Богдойцы-маньчжуры уже несколько раз попытались пробраться в Приамурье на наконец изготовленных небольших ладьях с веслами и парусом, которые казаки называли «бусы». Но на выходе из Сунгари в Амур мы поставили крепкий острог, названный Косогорским, установили там три пушки, оставили там пять десятков казаков.
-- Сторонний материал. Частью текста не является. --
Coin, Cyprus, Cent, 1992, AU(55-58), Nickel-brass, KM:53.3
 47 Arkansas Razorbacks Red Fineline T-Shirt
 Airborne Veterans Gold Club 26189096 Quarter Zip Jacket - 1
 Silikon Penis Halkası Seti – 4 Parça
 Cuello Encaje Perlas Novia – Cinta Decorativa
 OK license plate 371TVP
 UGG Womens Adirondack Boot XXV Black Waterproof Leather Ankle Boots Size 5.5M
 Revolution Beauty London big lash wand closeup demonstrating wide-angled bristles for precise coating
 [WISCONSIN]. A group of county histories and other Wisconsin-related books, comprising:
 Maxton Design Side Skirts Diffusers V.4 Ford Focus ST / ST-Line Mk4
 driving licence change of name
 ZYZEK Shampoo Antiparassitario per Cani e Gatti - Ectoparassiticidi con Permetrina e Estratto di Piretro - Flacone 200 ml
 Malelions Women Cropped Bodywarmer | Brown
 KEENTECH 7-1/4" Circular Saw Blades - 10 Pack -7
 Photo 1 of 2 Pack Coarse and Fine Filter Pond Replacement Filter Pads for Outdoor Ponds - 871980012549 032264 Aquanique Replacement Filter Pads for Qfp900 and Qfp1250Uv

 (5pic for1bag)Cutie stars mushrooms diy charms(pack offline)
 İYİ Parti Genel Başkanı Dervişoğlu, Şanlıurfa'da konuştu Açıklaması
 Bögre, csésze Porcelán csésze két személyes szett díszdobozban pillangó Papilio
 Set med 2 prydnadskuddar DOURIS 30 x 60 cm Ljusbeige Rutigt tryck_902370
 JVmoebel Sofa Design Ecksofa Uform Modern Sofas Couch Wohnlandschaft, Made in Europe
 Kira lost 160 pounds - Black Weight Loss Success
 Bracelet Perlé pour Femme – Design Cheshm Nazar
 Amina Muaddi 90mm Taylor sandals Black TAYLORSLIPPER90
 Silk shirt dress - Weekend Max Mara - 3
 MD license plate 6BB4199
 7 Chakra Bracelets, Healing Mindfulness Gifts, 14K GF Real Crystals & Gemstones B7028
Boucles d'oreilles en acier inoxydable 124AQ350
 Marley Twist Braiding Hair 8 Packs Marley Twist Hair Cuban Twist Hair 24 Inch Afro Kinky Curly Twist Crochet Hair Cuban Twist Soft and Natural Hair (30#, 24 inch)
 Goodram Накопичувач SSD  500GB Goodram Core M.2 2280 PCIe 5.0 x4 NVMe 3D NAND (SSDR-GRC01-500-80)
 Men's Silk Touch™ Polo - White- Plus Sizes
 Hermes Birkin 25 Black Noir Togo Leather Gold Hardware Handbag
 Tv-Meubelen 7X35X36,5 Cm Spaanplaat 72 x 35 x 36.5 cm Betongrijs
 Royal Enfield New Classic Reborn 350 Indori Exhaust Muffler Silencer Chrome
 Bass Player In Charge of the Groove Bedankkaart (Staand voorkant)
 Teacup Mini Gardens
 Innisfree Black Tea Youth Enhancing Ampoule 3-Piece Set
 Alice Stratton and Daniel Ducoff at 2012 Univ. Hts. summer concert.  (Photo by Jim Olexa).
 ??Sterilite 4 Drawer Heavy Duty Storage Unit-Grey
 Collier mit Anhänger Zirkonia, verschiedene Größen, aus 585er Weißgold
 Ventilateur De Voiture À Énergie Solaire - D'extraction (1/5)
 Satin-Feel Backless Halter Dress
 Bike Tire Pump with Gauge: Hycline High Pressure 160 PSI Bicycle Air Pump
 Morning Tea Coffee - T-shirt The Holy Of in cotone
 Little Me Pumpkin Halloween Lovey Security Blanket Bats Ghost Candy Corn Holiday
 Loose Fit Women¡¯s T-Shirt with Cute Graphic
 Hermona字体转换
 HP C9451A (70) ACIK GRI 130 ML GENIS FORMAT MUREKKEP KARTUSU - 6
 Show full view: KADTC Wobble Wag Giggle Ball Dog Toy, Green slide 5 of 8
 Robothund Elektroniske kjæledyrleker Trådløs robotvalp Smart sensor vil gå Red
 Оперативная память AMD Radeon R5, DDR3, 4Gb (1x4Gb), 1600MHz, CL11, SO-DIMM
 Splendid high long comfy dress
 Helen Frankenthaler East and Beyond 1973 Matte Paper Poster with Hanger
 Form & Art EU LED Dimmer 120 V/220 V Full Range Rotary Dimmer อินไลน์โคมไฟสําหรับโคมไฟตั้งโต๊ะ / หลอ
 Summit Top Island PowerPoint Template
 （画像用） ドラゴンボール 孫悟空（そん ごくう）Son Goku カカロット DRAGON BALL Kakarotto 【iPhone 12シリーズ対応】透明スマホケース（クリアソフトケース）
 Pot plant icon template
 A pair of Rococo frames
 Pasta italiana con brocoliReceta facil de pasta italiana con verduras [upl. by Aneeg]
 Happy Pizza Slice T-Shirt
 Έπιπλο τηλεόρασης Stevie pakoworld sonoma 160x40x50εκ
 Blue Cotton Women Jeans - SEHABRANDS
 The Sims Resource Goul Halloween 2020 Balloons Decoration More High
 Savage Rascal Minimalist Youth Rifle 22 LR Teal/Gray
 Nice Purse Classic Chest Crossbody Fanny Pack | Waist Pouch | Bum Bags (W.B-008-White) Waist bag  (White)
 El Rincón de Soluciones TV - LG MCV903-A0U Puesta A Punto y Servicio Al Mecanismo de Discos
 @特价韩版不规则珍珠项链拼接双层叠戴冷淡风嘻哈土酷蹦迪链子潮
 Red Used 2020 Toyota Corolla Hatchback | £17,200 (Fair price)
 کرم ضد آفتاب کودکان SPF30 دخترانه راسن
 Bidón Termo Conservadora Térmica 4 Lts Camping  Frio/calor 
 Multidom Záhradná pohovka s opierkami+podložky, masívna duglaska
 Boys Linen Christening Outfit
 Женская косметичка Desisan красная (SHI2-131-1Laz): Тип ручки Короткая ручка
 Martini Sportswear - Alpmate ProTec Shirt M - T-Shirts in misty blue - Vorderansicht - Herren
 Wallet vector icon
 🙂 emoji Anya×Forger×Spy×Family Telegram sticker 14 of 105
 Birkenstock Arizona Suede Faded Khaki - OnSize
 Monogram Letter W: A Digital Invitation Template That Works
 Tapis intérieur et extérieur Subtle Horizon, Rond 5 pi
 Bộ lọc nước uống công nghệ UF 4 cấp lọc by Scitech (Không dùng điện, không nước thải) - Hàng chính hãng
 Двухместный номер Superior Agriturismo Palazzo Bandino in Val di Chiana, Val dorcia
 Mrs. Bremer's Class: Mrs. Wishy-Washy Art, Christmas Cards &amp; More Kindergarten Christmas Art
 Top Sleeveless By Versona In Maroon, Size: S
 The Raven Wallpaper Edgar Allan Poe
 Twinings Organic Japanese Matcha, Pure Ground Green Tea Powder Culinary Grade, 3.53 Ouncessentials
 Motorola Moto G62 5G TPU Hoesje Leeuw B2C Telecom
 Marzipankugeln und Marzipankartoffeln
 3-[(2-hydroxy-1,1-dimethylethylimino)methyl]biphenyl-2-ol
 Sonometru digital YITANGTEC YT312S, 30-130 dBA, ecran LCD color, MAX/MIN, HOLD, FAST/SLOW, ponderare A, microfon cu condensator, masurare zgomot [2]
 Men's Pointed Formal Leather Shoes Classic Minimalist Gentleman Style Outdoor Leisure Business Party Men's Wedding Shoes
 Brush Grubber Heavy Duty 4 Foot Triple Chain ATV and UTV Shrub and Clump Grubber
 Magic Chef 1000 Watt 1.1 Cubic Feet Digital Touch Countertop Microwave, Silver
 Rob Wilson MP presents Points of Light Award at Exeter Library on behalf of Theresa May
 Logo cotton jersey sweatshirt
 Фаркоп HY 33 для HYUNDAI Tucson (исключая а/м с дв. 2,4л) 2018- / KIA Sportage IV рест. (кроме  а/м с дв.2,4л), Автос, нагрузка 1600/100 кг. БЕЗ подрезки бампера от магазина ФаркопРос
Небольшие отряды они просто отгоняли. В случае, когда отряд оказывался побольше, высылали гонца. Тогда из Хабаровска выходило «тревожное войско», особое подразделение, созданное из разросшейся роты Макара. Три сотни отборных бойцов, снабженных лучшими ружьями и доспехами, на кораблях с шестью фальконетами на каждом борту, молотили маньчжуров.
Шархода же медлил. Наверное, если сильно напрячься, я мог бы организовать поход вверх по Сунгари. Только смысла во владении землей, освоить которую просто не хватит сил, я не очень понимал. Да и казаки за годы на Амуре сильно изменились. Навязчивая мысль о поиске добычи отступила. Они видели, что уже сейчас много богаче всех своих собратьев по сибирской земле, а освоенные земли дают больше хабара, чем самый удачный поход. Из ватаги ушкуйников они все больше превращались в регулярную армию.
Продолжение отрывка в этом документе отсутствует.